Film critic Roger Ebert of the Chicago Sun-Times awarded the film four out of four, and wrote that the film "embodies the very soul of Italian neo-realism" and went on to say "Free of contrived melodrama and phony suspense, it ennobles the hard work by which its hero earns his daily bread" and "Bahrani, as director, not only stays out of the way of the simplicity of his story, but relies on it; less is more, and with restraint he finds a grimy eloquence."

Michael Wilmington of the Chicago Tribune liked the film and wrote a positive review saying "Ahmad's concerns — his sadness and his striving — become universal. Though his early-morning riser's world is gray and threaded with melancholy, it becomes, in the end, a place we recognize."

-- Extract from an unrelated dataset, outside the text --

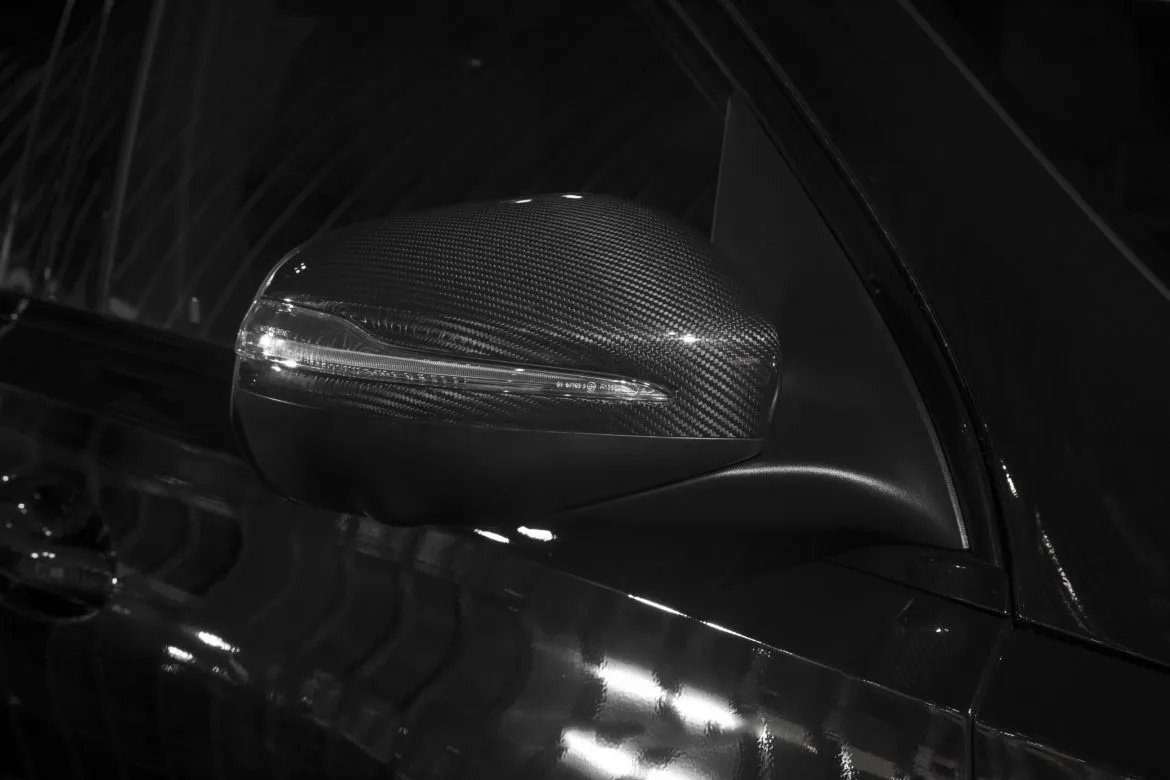 Mirror caps carbon for Mercedes C-class W 205 C 160 - C 400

Dana Stevens of Slate wrote in her review "If one of the things movies are supposed to do is make you look anew at the world around you, you may never see your doughnut vendor in the same way again." This was also iterated by Jack Matthews of the New York Daily News who said "You'll think of him the next time you pass a cart."

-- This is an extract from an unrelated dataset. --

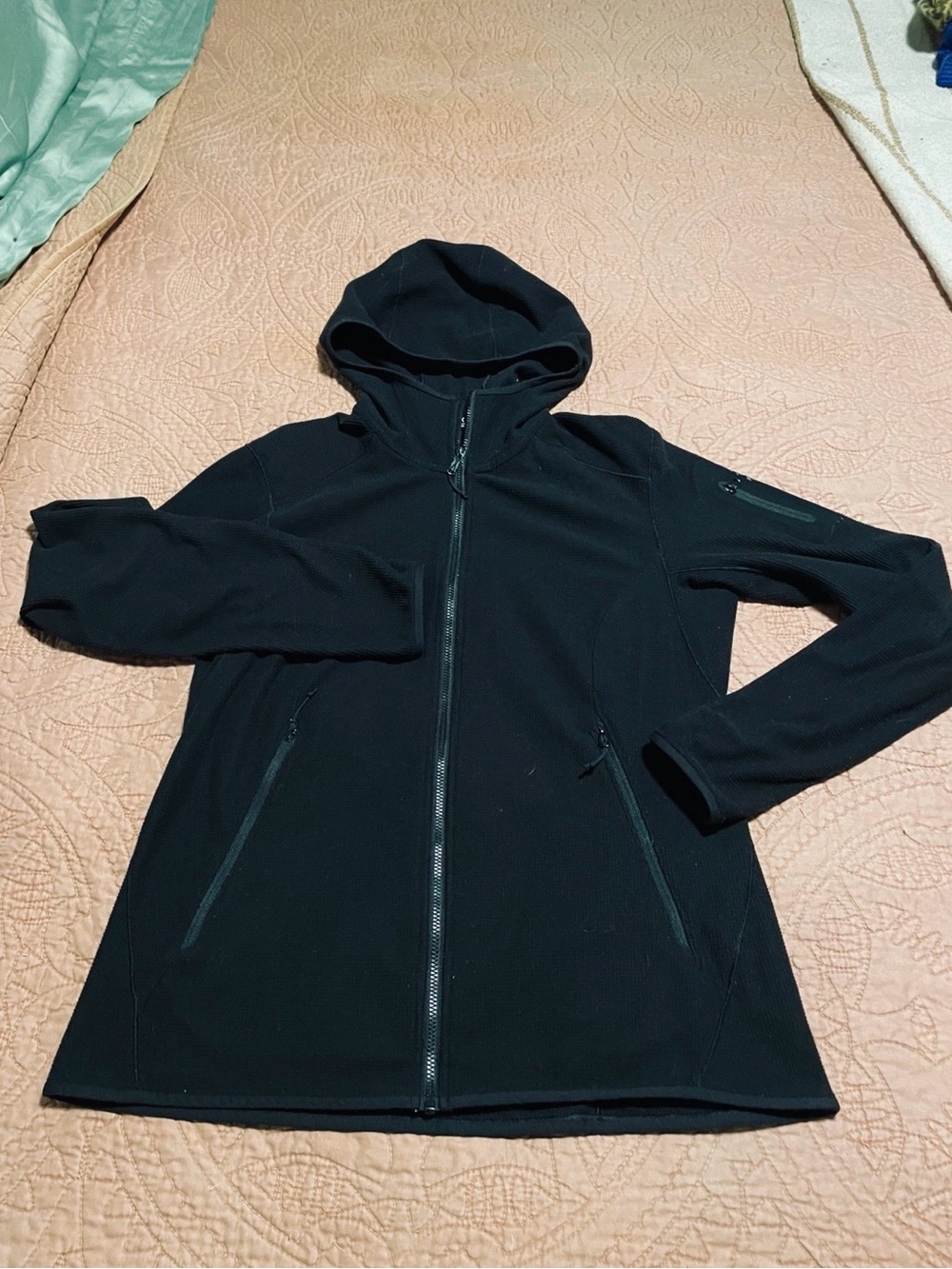 Arc'teryx Black Hooded fleece Jacket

Johnathan Rosenbaum of the Chicago Reader in his positive review said "it's a potent mood piece, and its portrait of urban loneliness has some of the intensity of Taxi Driver without the violence."

Time Out magazine wrote of the film saying, "What begins as a delineation of a man in a landscape becomes a study in sadness and stoicism, disorientation and even desperation, then finally, a delicate, rewarding and cliché-free enquiry into the complex heart of the lone immigrant experience."

Stephen Holden of The New York Times liked the film and gave it a positive review saying "Man Push Cart is an exemplary work of independent filmmaking carried out on a shoestring. Mr. Razvi’s convincing performance is a muted portrait of desolation bordering on despair."

Kevin Thomas of the Los Angeles Times wrote "It's by no means an exaggeration to describe this quietly powerful film as Bressonian."

==Awards==
The film had its world premiere at the 2005 Venice Film Festival. It entered the 2006 Sundance Film Festival and won the Fipresci Critic's Award at the London Film Festival. It was nominated for three Independent Spirit Awards and was on Roger Ebert's list of the top 10 movies of 2006.